Arguments in favor of the Foreign Account Tax Compliance Act start and end with tax evasion. Those who question the validity of a massive and invasive financial dragnet for the purpose of catching a few tax cheats are accused of either being a tax evader themselves or of condoning evasion. FATCA proponents recognize no legitimate cause for concern with handing government so much personal financial information.
These arguments should sound familiar. They’re the same used to justify our massive surveillance state. But not only is the sacrifice of civil liberties unnecessary for national security, the government has proven to be a dishonest and untrustworthy steward of sensitive information.
Andrew Napolitano describes for Reason how spy agencies illegally coordinate with DOJ to circumvent Fourth Amendment protections:
NSA documents released by Edward Snowden show that the feds seriously deceived Congress and the courts in an effort to spy upon all of us and to use the gathered materials in criminal prosecutions, even though they told federal judges they would not. Among the more nefarious procedures the feds have engaged in is something called “parallel reconstruction.” This procedure seeks to hide the true and original source of information about a criminal defendant when it was obtained unlawfully.

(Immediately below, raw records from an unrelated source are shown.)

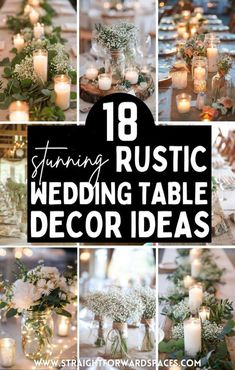 wedding table decorations with candles and flowers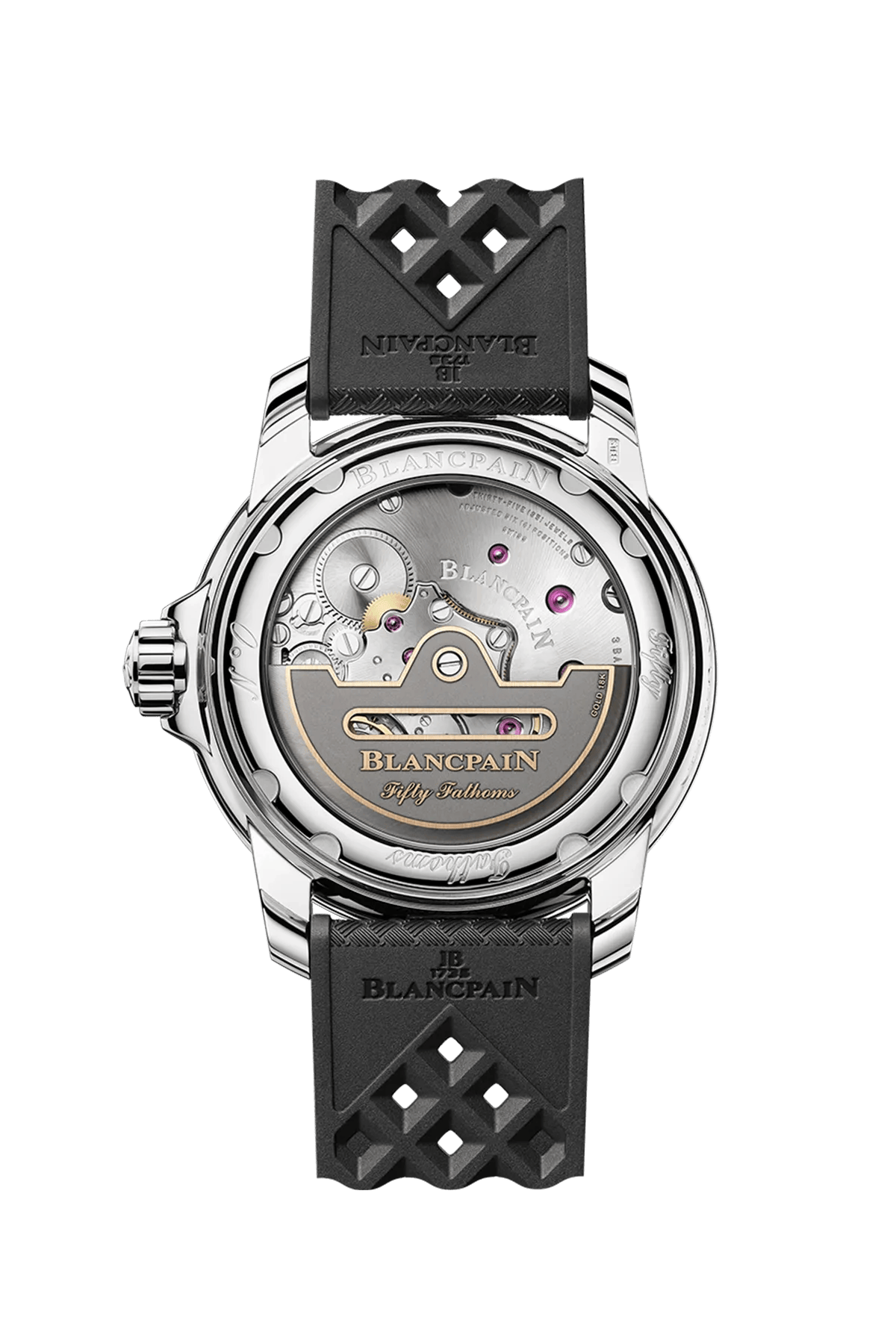 Blancpain Fifty Fathoms Automatique 5010-1130-B64B – sapphire caseback showing calibre 1315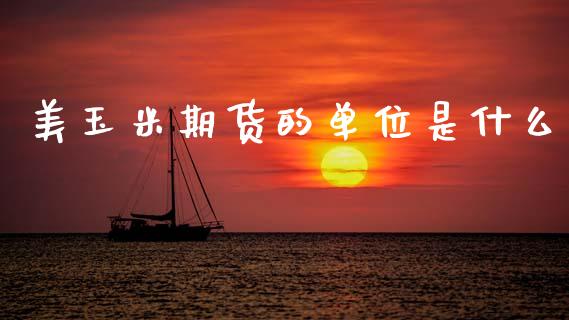 美玉米期货的单位是什么_https://cj006.lansai.wang_外汇交易_第1张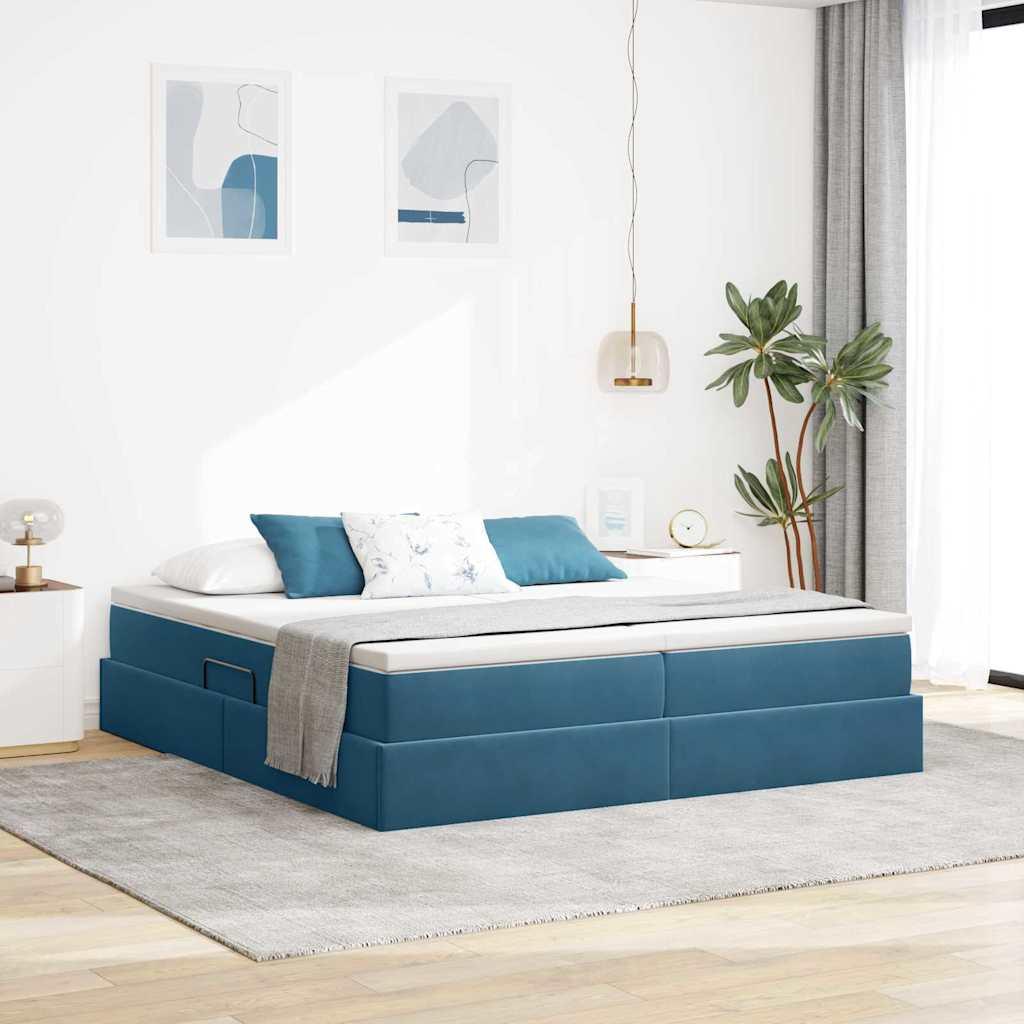 Seng med opbevaring og madras Mørk blå 180 x 200 cm Fløjl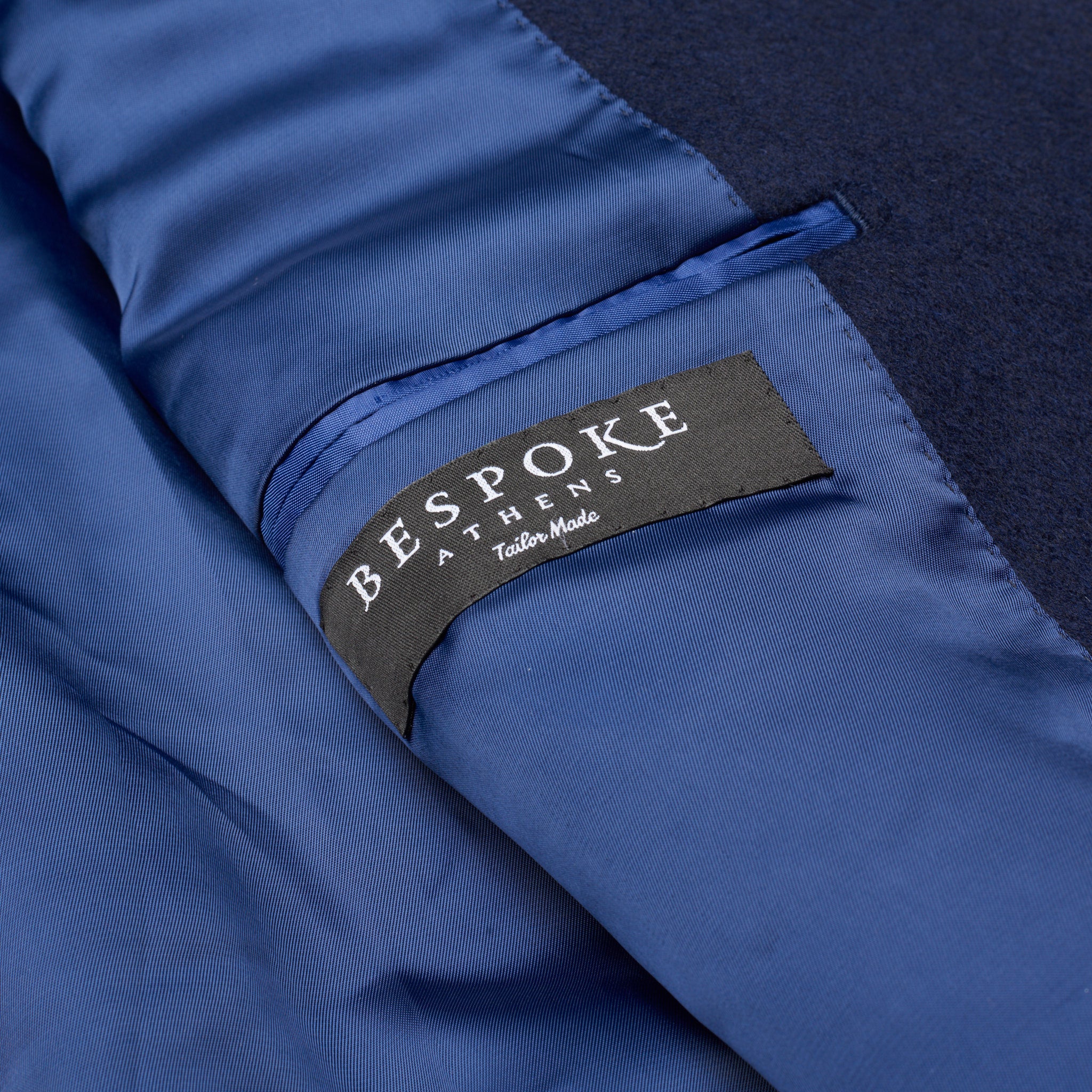 BESPOKE ATHENS Navy Blue Wool Flannel DB Coat EU 54 NEW US 43 / XL BESPOKE ATHENS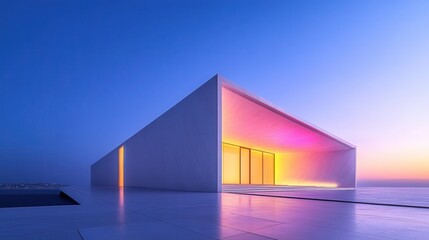 Obraz premium White Marble Building with Colorful Lights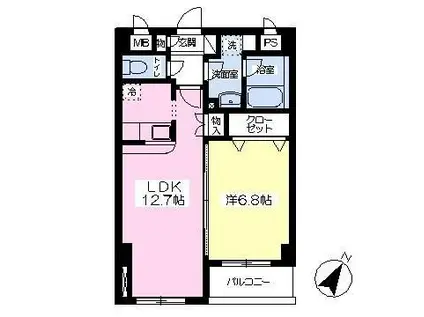 カスターナ(1LDK/1階)の間取り写真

For example, if the NSA, while unconstitutionally listening to the conversations of Americans hoping to hear about plots to harm other Americans (it has revealed no such plots from among the trillions of private conversations it has monitored since 2005), comes across evidence of a bank robbery, the NSA will pass that evidence on to the Department of Justice (DOJ). The NSA routinely does this notwithstanding representations to the FISA court that authorizes its spying that it is not in the business of gathering evidence in criminal cases.
…While parallel reconstruction is deceptive, unlawful and unconstitutional, I suspect it is but the tip of a dangerous iceberg spawned by the unbridled NSA spying that Bush and Obama have given us. When you mix a lack of fidelity to the plain meaning of the Constitution with a legal fiction, and then add in a drumbeat of fear, enforced secrecy, and billions of unaccounted-for taxpayer dollars, you get a dangerous stew of unintended tyrannical consequences.
Consider this a warning shot for those who think financial privacy is passé, and that the IRS can be trusted with the massive treasure trove of information that will be coming through the FATCA pipeline. It’s simply naive to believe private taxpayer information won’t ever be passed along to other agencies, or used as a bludgeon to punish political enemies.